İşletmelerin bir kısmının kurulurken, diğer bir kısmının ise ortaklar arası anlaşmazlık, yeniliklerin takip edilmemesi ve yeni pazarlara gidilmemesi nedeniyle kapanmak zorunda kaldığına dikkati çeken Ergün, işletme ömrünü uzatmanın kurallarını yerine getirilmesi gerektiğini dile getirdi.

Bir ülkenin ekonomisinde sanayi üretiminin çok önemli olduğunu ve üretim gücünün sanayiye dayanmasıyla inovasyonun mümkün olacağını ifade eden Bakan Ergün, şunları kaydetti:

''Sanayi üretimi dışında da ekonominizi besleyebilirsiniz ama tabi ki bu dış etkilere çok açık bir ekonomi olur. Sadece güneşi, kumu ve havayı satarak bir takım zenginlik meydana getirmeye çalışırsanız, burada büyük bir yanılgı ortaya çıkar. Bu yanılgının ortaya çıktığı ülkelerden biri de Yunanistan'dır. Orada sanayi üretimi bir kenara bırakılmış, başka kaynaklardan zenginlik aranmıştır. Bu bir yere kadar, bir yerden sonra iflas.''

Bakan Ergün, Türkiye'nin sanayileşen bir ülke olduğunu ve sanayi üretimine büyük önem verdiğini belirterek, sıradan bir sanayi üretimi yerine Türkiye'nin yüksek teknolojili sanayi üretimi yapmasının zorunlu olduğunu söyledi.

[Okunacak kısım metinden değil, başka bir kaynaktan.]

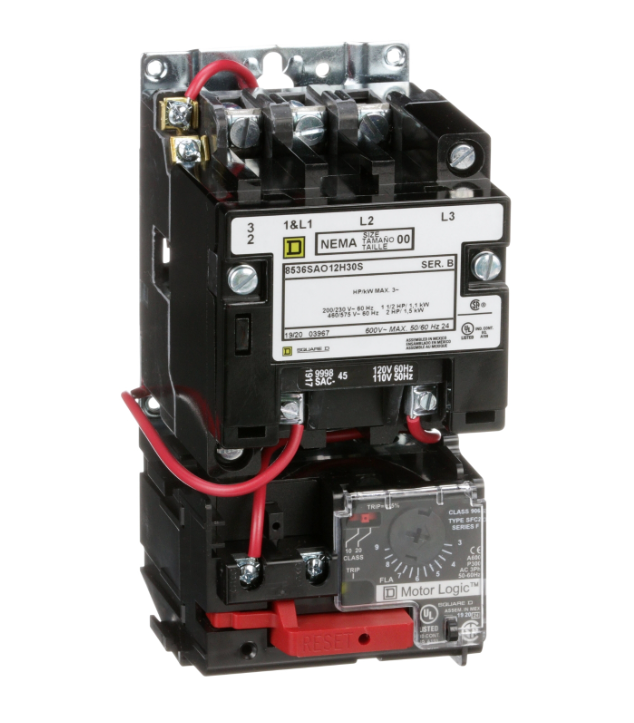 8536SAO12V02H30S Square D Class 8536 Motor Starter 3 pole 3 phase 600V 9A 110V coil - Essential Electric Supply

-''Siyasi ve ekonomik istikrarı olmayan ülke hedefe ulaşamaz''-

Türkiye'nin ihracatının yüzde 90'dan fazlasının sanayi üretimi olduğunu ama bunun yüzde 70'inin orta teknoloji, yüzde 26'sının düşük teknoloji, geri kalan sadece yüzde 4'lük bölümün ise yüksek teknoloji ürünleri kapsadığını bildiren Ergün, şöyle devam etti:

''Bizim ihraç ettiğimiz ürünlerin kilogram fiyatı 1-2 doları geçmiyor. Bu Almanya'da 5-6 doları buluyor. Çünkü daha fazla yüksek teknoloji satıyorlar. Termikel'in ürünlerinde bu oran 7-9 dolar civarındadır. Bu Türkiye'nin toplam ihracatında varması gereken bir rakam. Biz hedefi olan bir ülkeyiz. Siyasi ve ekonomik istikrarı olmayan bir ülkede hedeflere ulaşmak mümkün değil. Bugün ulaştığımız noktaya son 10 yılda sağlanan ekonomik ve siyasi güven ortamı sayesinde geldik. Çünkü yatırımcı yatırımını bu şartlar altında daha rahat yapabilir, tüketici de güven varsa borçlanır.''

Bir ülkede ekonomik istikrarın sağlanması ve makro ekonomik dengelerin kurulması halinde faizlerin düşeceğini dile getiren Bakan Ergün, Türkiye'de daha önce yüzde 60-70 faizle ancak 9 aylığına borçlanılabilindiğini ama bugün yüzde 5-6 faiz oranıyla 10 yıldan fazla vadeli borçlanmanın mümkün olduğu bir seviyeye gelindiğini ifade etti.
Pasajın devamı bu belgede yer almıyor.